- **PROVIDED RECORDS**:
--- START ---
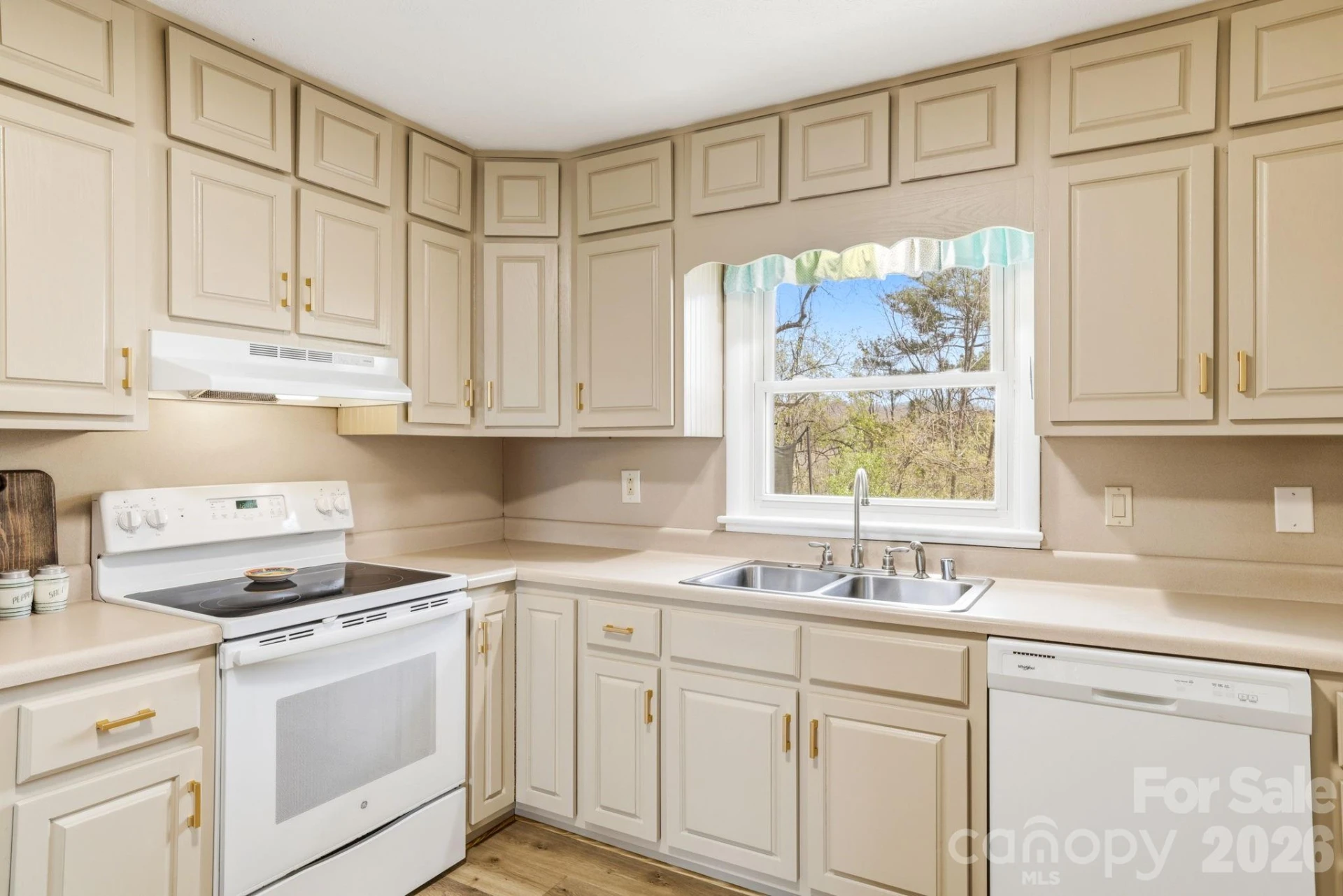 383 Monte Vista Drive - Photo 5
--- END ---
--- START ---
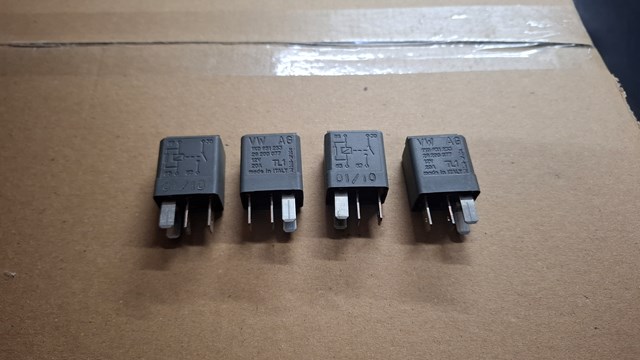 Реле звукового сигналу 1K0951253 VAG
--- END ---
--- START ---
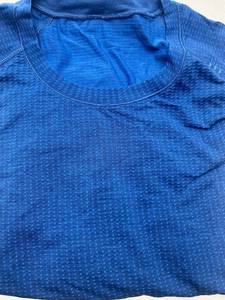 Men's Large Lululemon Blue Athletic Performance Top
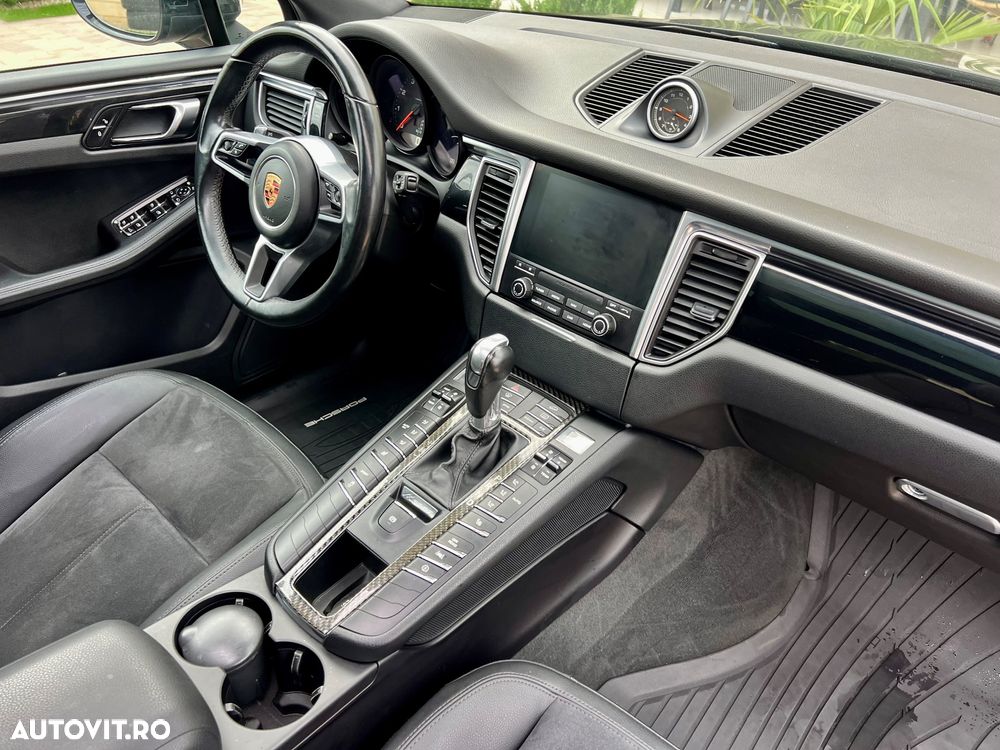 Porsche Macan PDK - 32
--- END ---
Given the listing above, retype only the span of lines from the line with "Men's Large Lululemon" up to and including the line with "Porsche Macan PDK - 32", exactly as it stands and without pictures.

- **WRITTEN SOLUTION**:
 Men's Large Lululemon Blue Athletic Performance Top
 Porsche Macan PDK - 32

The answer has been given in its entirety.